The question lists loglikelihoods for 1,2,3,4,5 parameter distributions. Using 95% confidence how many parameters are in the selected model.

In the solution it compares 2(1param-2param) to the value in the chi sq table, then it compares 2(1param-3param) and then 2(1param-4param). The 4 param distribution is the first which twice the difference in the loglikelihoods is greater than the value from the table. Then when you test the 5 parameter distribution the solution is comparing 2(4param-5param).

What is the process when you are moving up through adding new parameters. Is it as follows: You start off assuming the simplist 1 parameter distribution. Then you add parameters if they are deemed worth it by the test. Then once you find one that is worth it, that becomes your new starting point for comparing and adding more parameters?

[Kabaka]

Quote:

Originally Posted by GoBolts

What is the process when you are moving up through adding new parameters. Is it as follows: You start off assuming the simplist 1 parameter distribution. Then you add parameters if they are deemed worth it by the test. Then once you find one that is worth it, that becomes your new starting point for comparing and adding more parameters?

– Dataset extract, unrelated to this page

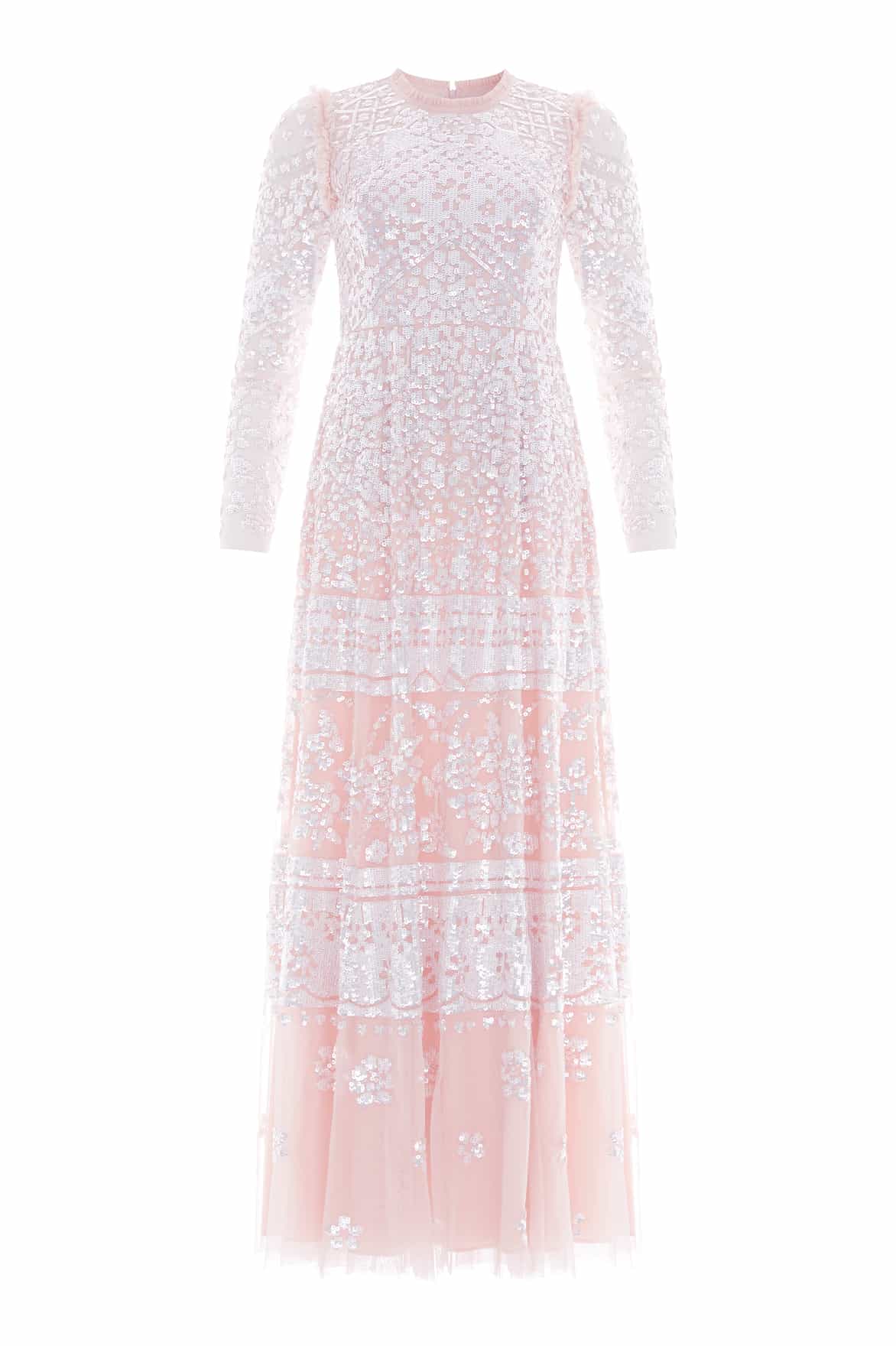 Needle & Thread Aurora Gown suknia różowa cekiny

That's how I understand it.

[Kazodev]

The theory is basically you have a tradeoff between fit and complexity. So if you wanted you could pick a distribution with 200 parameters and it would fit your data perfectly but is that really what you shoul do? What if you picked a distribution with 3 paramters and it fit 98% of your data? So there are different ways to penalize for adding paramters, loglikelihood is one, AIC(BIC) is another one, etc.